Il terreno di quest’area geografica si presenta in più parti costituito da calcareniti: tufo e silicio, materiali facilmente friabili. Questo tipo di pietra fu usata nei tempi passati come arena e fu scavata per ricavarne rifugi e abitazioni.

La felice posizione geografica, i boschi di querceti, la presenza di acqua e le calcareniti tufacee, offrirono, quindi, un agevole insediamento ai primi indigeni pugliesi. Non è facile trovare una collocazione temporale a testimonianza di tutto questo, è certo però che l’uomo cercò nelle grotte di questa terra un rifugio e un riparo sicuro per difendersi dalle intemperie e dalle belve feroci. Dalla caverna-rifugio si passò allo scavo migliorando l’habitat con l’avanzamento dell’età del bronzo e poi del ferro.

Anche in epoche successive queste caverne furono sfruttate dall’uomo, infatti in tutta questa area territoriale si svilupparono nuclei abitativi definiti Villaggi Rupestri o Casali Rupestri. Essi sorgono in crepacci profondi, dalle pareti ripidissime, che prendono il nome di Gravine.

Nel periodo della seconda dominazione bizantina, nelle nostre campagne, si diffuse la consuetudine, forse alimentata dai religiosi orientali, di fare scavare nella roccia numerose chiese e monasteri rurali. Spesso il devoto o il benefattore, si ritirava in penitenza o in preghiera in quelle cappelle o “grotte”, fondando piccole comunità monastiche, anche perché, fino all’XI sec., i monaci non dovevano necessariamente prendere i voti. Questi piccoli monasteri rupestri furono utilizzati dai conquistatori normanni, nell’XI sec., in accordo con la Chiesa romana per riportare al cattolicesimo questi territori.

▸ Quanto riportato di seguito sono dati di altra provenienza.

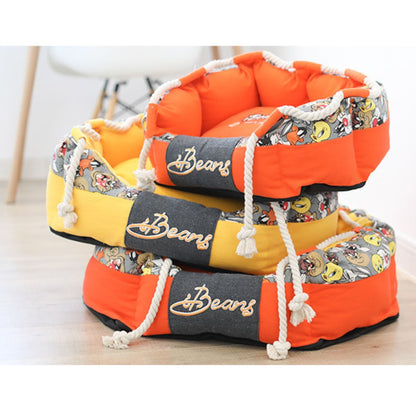 www.frenchie.shop-PawHaven-Soft-Frenchie-Bed-Comfortable-and-Stylish-Sleep-Solution-for-French-Bulldog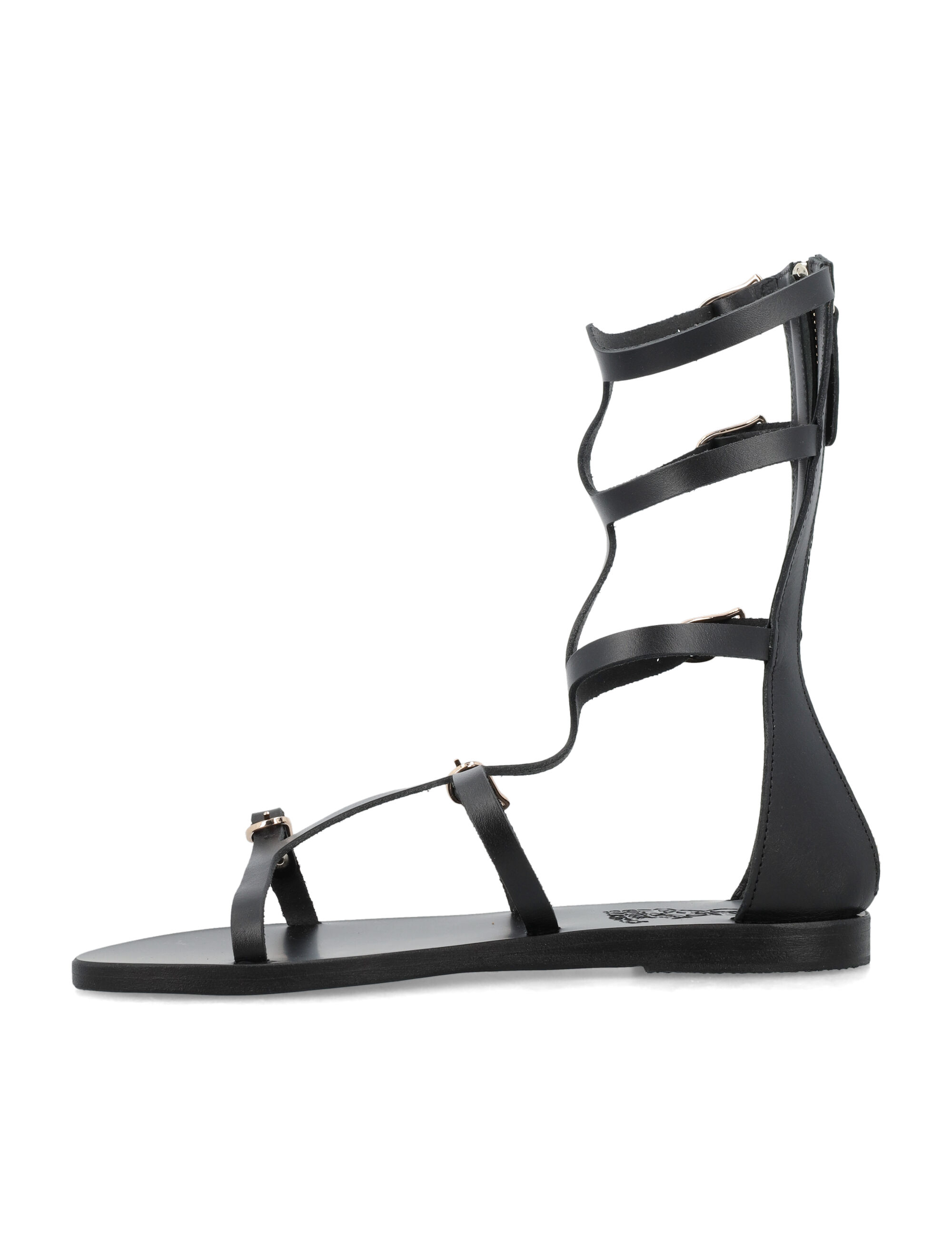 Ancient Greek Flat shoes Black SIRENVBLACK (ANCIENT GREEK SANDALS / レースアップ ) | ANCIENT GREEK SANDALS (エンシェントグリークサンダルズ)(2)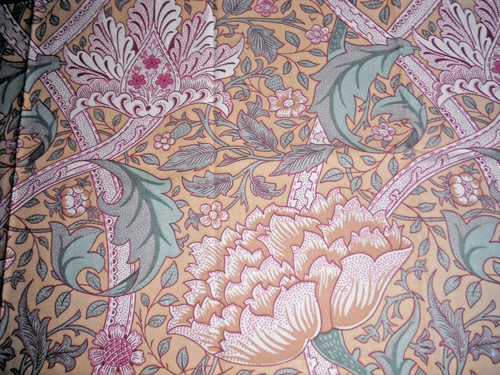William morris fabric - william,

Dopo alterne vicende, durante il primo periodo della dominazione bizantina, le gravine si popolarono di monaci greci. E, proprio grazie a queste immigrazioni di Greci, sorsero anche nelle campagne cripte ricche di dipinti bizantini, arte di monaci di cui ancora oggi restano tracce. Le alterne vicende storiche hanno fatto sì che a più riprese questi territori fossero prede di barbari e saraceni, sconfitti, poi, definitivamente dall’imperatore Basilio I che, alla fine, stipulò un patto con i principi longobardi.

La religiosità orientale quindi, aveva lasciato preziose tracce culturali sia in campo religioso che economico-sociale. Basti pensare all’opera degli amanuensi, i monaci che ricopiavano a mano gli antichi codici. Grande importanza in questo processo di recupero religioso ebbero i monasteri benedettini guidati dall’abate (nome di derivazione aramaica) che significa “Padre” e che, presso i monaci greci, corrisponde a quella di “Igumeno”, cioè “colui che guida”. I monaci benedettini, ai quali i Normanni fecero ricche donazioni di chiese e monasteri rurali, con il loro motto “ora et labora” (prega e lavora), contribuirono allo sviluppo religioso, politico, economico e civile delle campagne e al ritorno alla cultura occidentale. Infatti intorno a questi luoghi religiosi si organizzarono, nel periodo medioevale casali e villaggi ripopolando così queste terre.